VOTERS’ opinion about Brexit and Scottish independence is stuck fast despite months of heated debate, an opinion poll suggests today.
Scots’ views on leaving the EU and breaking up the Union have not shifted in three months, according to our exclusive poll.
On Brexit, 66% of Scots would still vote Remain while on Scottish independence, the Yes/No split has not moved since our polling company last asked the question in July, with 53% opposing independence.
Experts yesterday said the stalemate could be down to many voters switching off from the political debate as the Brexit negotiations drag on, the implications of any or no deal remain unclear, and calls continue for another referendum.
Prime Minister Theresa May, who emerged unscathed from her party’s conference when she danced on stage to Abba, got some more good news yesterday when EU leaders suggested a deal was inching closer.
Elsewhere, the poll shows just one in four Scots have any confidence that the UK Government can secure the best Brexit deal, while 49% back a second referendum on the terms of any settlement secured with the EU.
Andy Maciver, director of political and media consultancy, Message Matters, said: “Despite all the campaigning on all sides, and the relentless media coverage, Scots are not altering their view in any significant numbers on the two big issues of independence or Brexit.
“People are tending not to alter their view because politicians on all sides have discredited themselves with outlandish predictions of dire consequences of a particular course of action.
“People simply don’t believe them anymore.
“The SNP has a strategic quandary – it has the parliamentary strength now to justify another referendum, but support for Yes is flatlining.
“To change either Brexit or independence numbers in any meaningful way probably requires a silver bullet, and the likelihood is that the silver bullet is a chaotic Brexit.”
Polling expert Sir John Curtice said our poll of 1,036 Scots was consistent with UK-wide polling which showed little significant movement in support for Leave or Remain since the 2016 EU referendum.

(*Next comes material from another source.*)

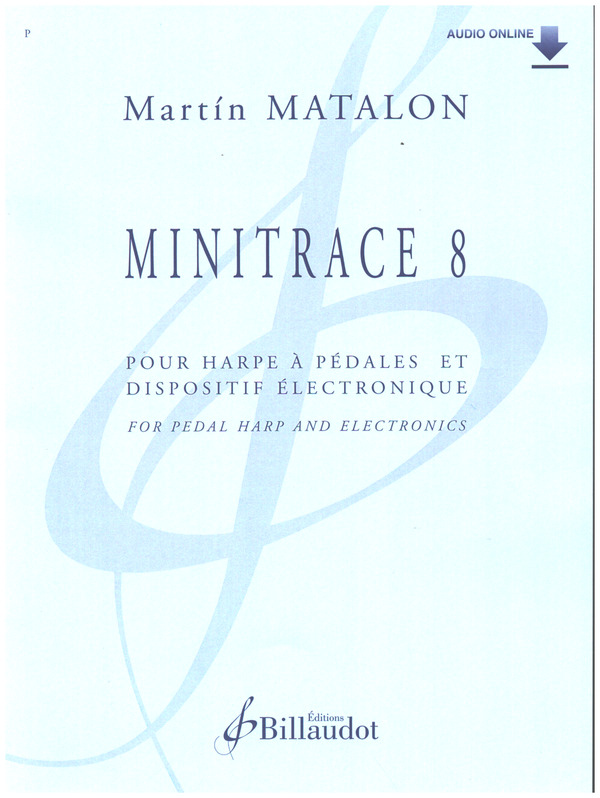 Minitrace 8 (+ Online Audio)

He said: “People are pessimistic about the consequences of Brexit but they blame the politicians – either the UK Government and or the EU – not their original choice in 2016. The fundamentals are viewed through a partisan lens and certainly not much will happen on indyref2 until Brexit is sorted. Nicola Sturgeon is still tantalisingly short of majority backing for independence.
“Moreover, there is no guarantee that Brexit will eventually deliver her a Yes majority.

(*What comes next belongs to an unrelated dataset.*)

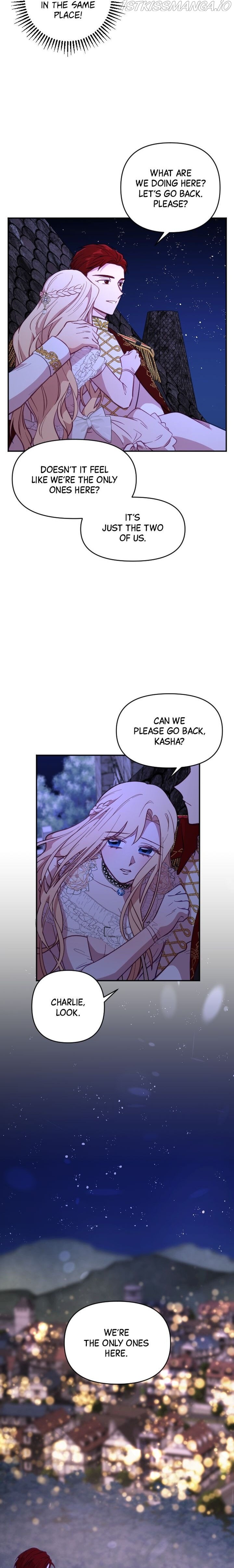 Give A Heart To The Emperor Chapter 17 - page 12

“While 16% of those who voted No in 2014 say that it makes them more likely to back independence, 10% of Yes voters state it has the opposite effect.”

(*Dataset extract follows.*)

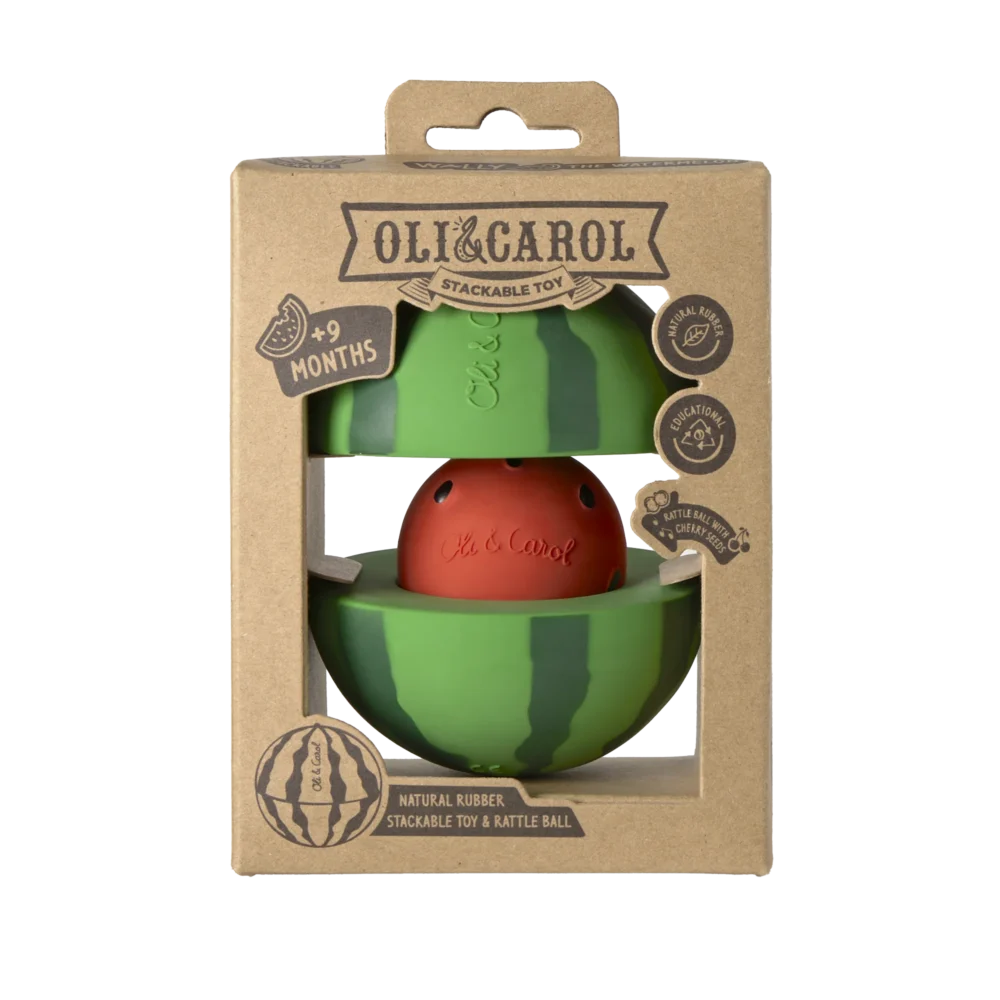L Puzzle Box Watermelon 4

He continued: “Ms Sturgeon faces a Brexit paradox.
“She and most of her party may be firmly committed to remaining part of the EU, but in truth she probably regards her shortest route to holding and winning a second independence referendum to be for the UK to leave the EU, only for the endeavour then to come to be regarded as something of a disaster by voters.”
The Survation poll shows support for the SNP at Westminster has increased, with the party on course to gain 11 seats from Labour and the Tories if there was another General Election.
At Holyrood the SNP remains the biggest party but seat projections show it would still need the support of the Greens for a pro-independence majority.
The poll, conducted last week, asked what extent do you have confidence in the UK Government to secure the best Brexit deal?
Only 5% said they had a lot of confidence, while a further 20% said they had some confidence.
A total of 70% said they had not much or no confidence, while the rest did not know.
Meanwhile SNP supporters, who are gathering in Glasgow today for the party’s conference, are divided over the sexual harassment allegations facing Alex Salmond, our poll reveals.
Police are currently investigating complaints against Salmond, who is in turn taking the Scottish Government to court over its handling of the allegations.
Our poll shows 41% of SNP voters are unsure if Salmond – who denies any wrongdoing – is right to take the court action. But 46% of SNP supporters who do have view back him.
Respondents were also asked how well they thought Nicola Sturgeon has handled the claims, with 29% saying she had handled it very or quite well, while 24% said very or quite badly.